Brothers Want To Sue Catholic Church For Long-Ago Sexual Abuse
Two brothers want the state Supreme Court to let them sue the Catholic Church for negligence over sexual abuse they suffered at the hands of a priest 24 years ago because their “repressed memory” of the episode was only recently overcome.
The Roman Catholic Diocese of Boise, however, contends that the time for filing a lawsuit is past and even if it was not the church itself had nothing to do with the circumstances that resulted in the alleged abuse.
“These plaintiffs could have filed a lawsuit immediately,” Stanley Welsh, the attorney for the diocese, told the high court on Friday. “The time has run.”
But Allen Ellis, who represents Russell and Martin Bonner, maintained the abuse was so traumatic when it occurred in 1971 that the boys, then 10 and 11, just wiped it from their minds. Under the law, Ellis argued, they had no justification to sue then because they were not harmed since they had blanked the incident out.
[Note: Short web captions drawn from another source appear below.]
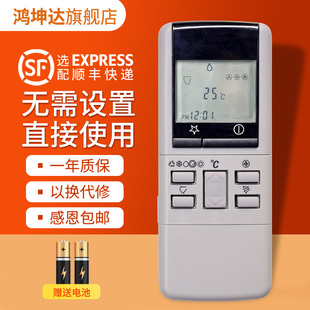 乐声 松下空调遥控器A75C569 A75C454 A75C453 A75C598 适用National 973KC a15p15kt 975kw A75C602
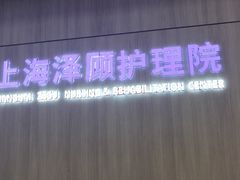 -锦欣康养上海泽顾护理院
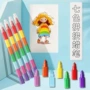 多色学生七色绘画蜡笔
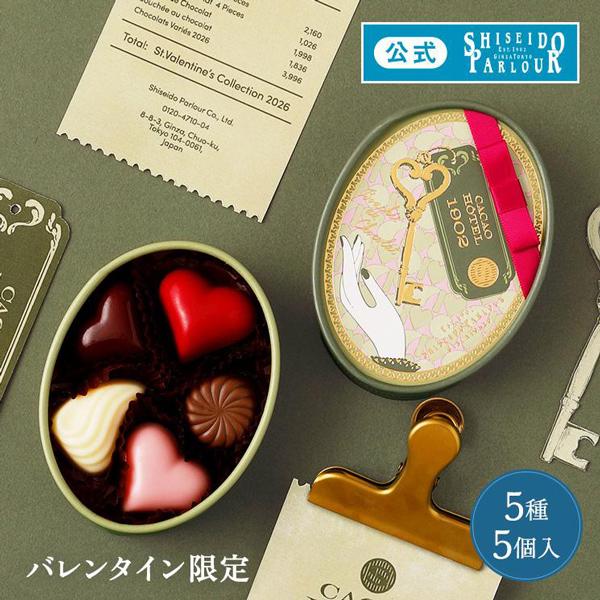 [Release date: January 15, 2026]こちらの商品は【お急ぎ便（最短翌日発送）】の対象商品です。包装・リボン・のしサービス対象外となっております。※数量限定商品のため、無くなり次第、販売終了となります。お早めにお求...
It was only after they finally remembered the alleged abuse that the damage occurred and they could justifiably sue.
Justice Byron Johnson repeatedly questioned Ellis on the fact that under the law the damage was done when the abuse occurred, no matter how traumatic it was, and that was the beginning of the two-year period within which a suit had to be filed.
“Events that are traumatic obviously are known at the time they occur,” Ellis agreed. “But because of the youth of the victims, they are put on the shelf.”
“They have no objective ability to assess their damage because of the repressed memory,” he said. “The child may not have realized that was wrong until he woke up as a 26-year-old man.”
The case, which the court took under advisement, involves a priest identified during the arguments as Father Luke, who allegedly fondled the boys while living in the home of the Bonner family during the spring and early summer of 1971. The diocese expelled him on July 27, 1971.
But for all the talk about repressed memory, Welsh argued that documents supplied by the diocese showed that the Bonners’ sister, brother and mother were all aware of the alleged abuse when it was occurring and could have sued then.
And even Ellis admitted that if the Supreme Court would overturn the lower court decision and allow the brothers to press their suit against the church, “there will be a very serious question as to the credibility of the plaintiffs.”
For now, however, he told the court that their contention of repressed memory, and its declaration as a legitimate psychiatric phenomenon by experts, must be taken at face value.
Even at that, Welsh countered, if any abuse occurred, it occurred outside the scope of the priests employment with the diocese and so the diocese cannot be held as negligent.